Progressive reduction, Bret Victor rants, and Elon Musk is Tony Stark

A brief selection of articles highlighting UI/UX innovation.

Investigating emerging UI/UX tech in the design space is leading me to many interesting people, projects and innovative experiments. Here’s a brief selection of highlights I’ve come across in my research. Seen something interesting in UI/UX innovation? Please join the discussion in the comments section or reach out to me via email or on Twitter.

Getting users to interact with products in a particular way is hard. On one hand, you have experienced users who are ready for advanced features and interactions, but at the same time, you have new users who might be put off or confused by too much too soon. Think Interactive’s Alison McKenna took a look at a potential solution: Progressive Reduction — what if designers had a one-size-fits-all solution that allowed an interface to adapt to a user’s level of proficiency? She points to Allan Grinshtein’s seminal article, in which he describes how his company, LayerVault, implements Progressive Reduction and defines the concept: “The idea behind Progressive Reduction is simple: Usability is a moving target. A user’s understanding of your application improves over time and your application’s interface should adapt to your user.”

Maybe the solution is to look outside the user altogether. San Francisco designer Mike Long wants designers to stop designing for “users” and design for activities, rather than individuals:

“Activity-Centered Design (ACD) focuses on the activity context in which individuals interact with your product. Instead of analyzing specific goals and tasks, ACD focuses on the analysis of meaningful, goal-directed actions supported by tools and artifacts in a social world.”

Long outlines how companies or teams can create human activity diagrams to identify a product’s activity context.

Perhaps we haven’t properly designed for the individual in the first place. Bret Victor produced a delicious rant on the “Future Interfaces For The Future” and how they lack vision, i.e. screens under glass, what he dubs “Pictures Under Glass.” Victor encourages designers to ditch the handheld devices that ignore our hands and embrace human capability:

“Hands do two things. They are two utterly amazing things, and you rely on them every moment of the day, and most Future Interaction Concepts completely ignore both of them.

“Hands feel things, and hands manipulate things. … We live in a three-dimensional world. Our hands are designed for moving and rotating objects in three dimensions, for picking up objects and placing them over, under, beside, and inside each other. No creature on earth has a dexterity that compares to ours.”
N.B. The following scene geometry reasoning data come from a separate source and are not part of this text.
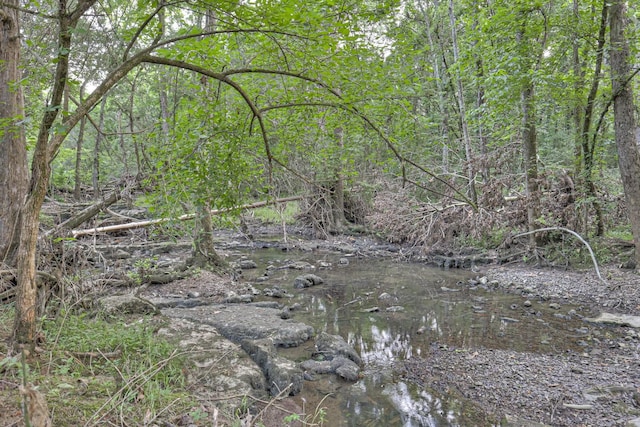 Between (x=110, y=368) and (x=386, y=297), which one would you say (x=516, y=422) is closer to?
(x=110, y=368)

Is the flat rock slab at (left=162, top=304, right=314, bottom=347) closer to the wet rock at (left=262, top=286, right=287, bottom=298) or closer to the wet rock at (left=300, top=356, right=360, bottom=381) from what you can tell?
the wet rock at (left=300, top=356, right=360, bottom=381)

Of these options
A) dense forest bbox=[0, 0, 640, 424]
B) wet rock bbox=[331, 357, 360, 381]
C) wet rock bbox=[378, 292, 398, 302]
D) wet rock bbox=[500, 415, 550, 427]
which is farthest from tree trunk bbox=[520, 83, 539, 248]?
wet rock bbox=[500, 415, 550, 427]

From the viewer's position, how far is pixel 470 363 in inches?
217

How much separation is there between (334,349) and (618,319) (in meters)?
4.88

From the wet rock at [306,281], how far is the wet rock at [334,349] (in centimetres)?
373

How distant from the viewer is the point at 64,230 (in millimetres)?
5137

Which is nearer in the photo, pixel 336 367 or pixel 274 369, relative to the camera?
pixel 274 369

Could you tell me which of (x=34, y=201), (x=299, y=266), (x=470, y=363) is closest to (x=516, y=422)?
(x=470, y=363)

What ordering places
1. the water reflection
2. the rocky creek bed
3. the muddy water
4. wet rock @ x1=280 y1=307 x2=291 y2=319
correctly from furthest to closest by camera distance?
wet rock @ x1=280 y1=307 x2=291 y2=319, the muddy water, the water reflection, the rocky creek bed

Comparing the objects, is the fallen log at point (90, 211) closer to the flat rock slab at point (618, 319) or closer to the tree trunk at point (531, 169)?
the flat rock slab at point (618, 319)

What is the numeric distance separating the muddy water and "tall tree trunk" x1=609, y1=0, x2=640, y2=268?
8.98 feet

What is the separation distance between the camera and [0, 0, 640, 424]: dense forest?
3.38m

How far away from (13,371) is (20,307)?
18.9 inches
Victor suggests paying attention next time you make a sandwich — how your fingers and hands manipulate ingredients and utensils — and, comparing that to your experience interacting with Pictures Under Glass, asks: “Are we really going to accept an Interface Of The Future that is less expressive than a sandwich?” Go. Read.
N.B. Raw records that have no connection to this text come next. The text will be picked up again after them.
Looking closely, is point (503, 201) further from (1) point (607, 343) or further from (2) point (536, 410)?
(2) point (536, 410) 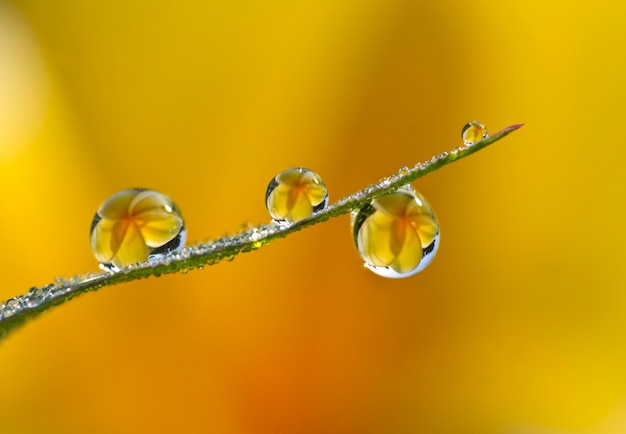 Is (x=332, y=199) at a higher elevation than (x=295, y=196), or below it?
higher

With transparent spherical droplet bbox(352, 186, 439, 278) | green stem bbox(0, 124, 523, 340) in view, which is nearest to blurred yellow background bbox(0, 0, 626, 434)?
transparent spherical droplet bbox(352, 186, 439, 278)

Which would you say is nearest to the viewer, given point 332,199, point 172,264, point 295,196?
point 172,264

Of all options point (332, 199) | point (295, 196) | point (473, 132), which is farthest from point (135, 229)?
point (332, 199)

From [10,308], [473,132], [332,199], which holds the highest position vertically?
[332,199]

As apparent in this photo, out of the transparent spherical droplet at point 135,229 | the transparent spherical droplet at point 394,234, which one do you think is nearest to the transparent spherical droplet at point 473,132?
the transparent spherical droplet at point 394,234

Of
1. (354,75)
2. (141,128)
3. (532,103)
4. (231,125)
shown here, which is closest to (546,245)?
(532,103)

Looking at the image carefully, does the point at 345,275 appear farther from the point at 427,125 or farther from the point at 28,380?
the point at 28,380

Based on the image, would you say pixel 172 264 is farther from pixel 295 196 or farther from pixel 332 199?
pixel 332 199

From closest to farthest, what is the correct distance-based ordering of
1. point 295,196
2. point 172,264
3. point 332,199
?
point 172,264 → point 295,196 → point 332,199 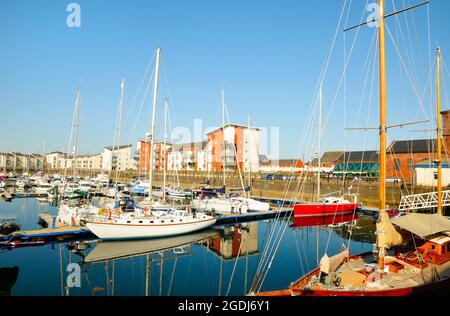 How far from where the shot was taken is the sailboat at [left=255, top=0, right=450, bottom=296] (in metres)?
9.73

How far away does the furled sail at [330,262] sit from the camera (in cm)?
1025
On the academic front, there’s some amazing design research being done at RMIT University in Melbourne, Australia — from centers and institutes focusing on collaborative design innovation across disciplines to smart technology solutions to complex questions around the future of cities to health and lifestyle innovation to climate change and sustainability. Fair warning: do not enter if you don’t have time to lose yourself.
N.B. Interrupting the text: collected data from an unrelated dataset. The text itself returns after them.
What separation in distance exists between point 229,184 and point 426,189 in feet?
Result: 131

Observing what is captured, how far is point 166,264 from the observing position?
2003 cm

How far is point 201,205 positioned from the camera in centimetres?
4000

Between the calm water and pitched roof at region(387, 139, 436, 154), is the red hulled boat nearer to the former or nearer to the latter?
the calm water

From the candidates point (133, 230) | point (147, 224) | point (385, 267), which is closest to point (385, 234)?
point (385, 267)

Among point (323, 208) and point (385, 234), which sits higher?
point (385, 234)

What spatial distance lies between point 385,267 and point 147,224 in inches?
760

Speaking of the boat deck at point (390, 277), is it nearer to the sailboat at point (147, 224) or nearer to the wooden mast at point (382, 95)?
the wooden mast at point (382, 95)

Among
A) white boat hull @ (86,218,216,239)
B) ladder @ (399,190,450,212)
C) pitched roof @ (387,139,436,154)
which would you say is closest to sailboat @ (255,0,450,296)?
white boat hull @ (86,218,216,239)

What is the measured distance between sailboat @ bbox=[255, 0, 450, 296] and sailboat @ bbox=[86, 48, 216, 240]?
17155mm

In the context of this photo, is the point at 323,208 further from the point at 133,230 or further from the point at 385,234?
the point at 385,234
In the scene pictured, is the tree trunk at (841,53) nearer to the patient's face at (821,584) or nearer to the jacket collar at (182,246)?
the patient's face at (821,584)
And some might have suspected this before, but it turns out Elon Musk is a real-life Tony Stark. John Koetsier reports at VentureBeat that Musk’s SpaceX engineers develop rockets “at least partially with Iron Man-style 3D immersive reality visualizations that designers and engineers can interact with in real time with natural hand gestures.” They then 3D print the designed components. This story came to me via Mac Slocum, who has awesome ideas on adapting the technology for finger-swipe editing and custom fist-pump publishing.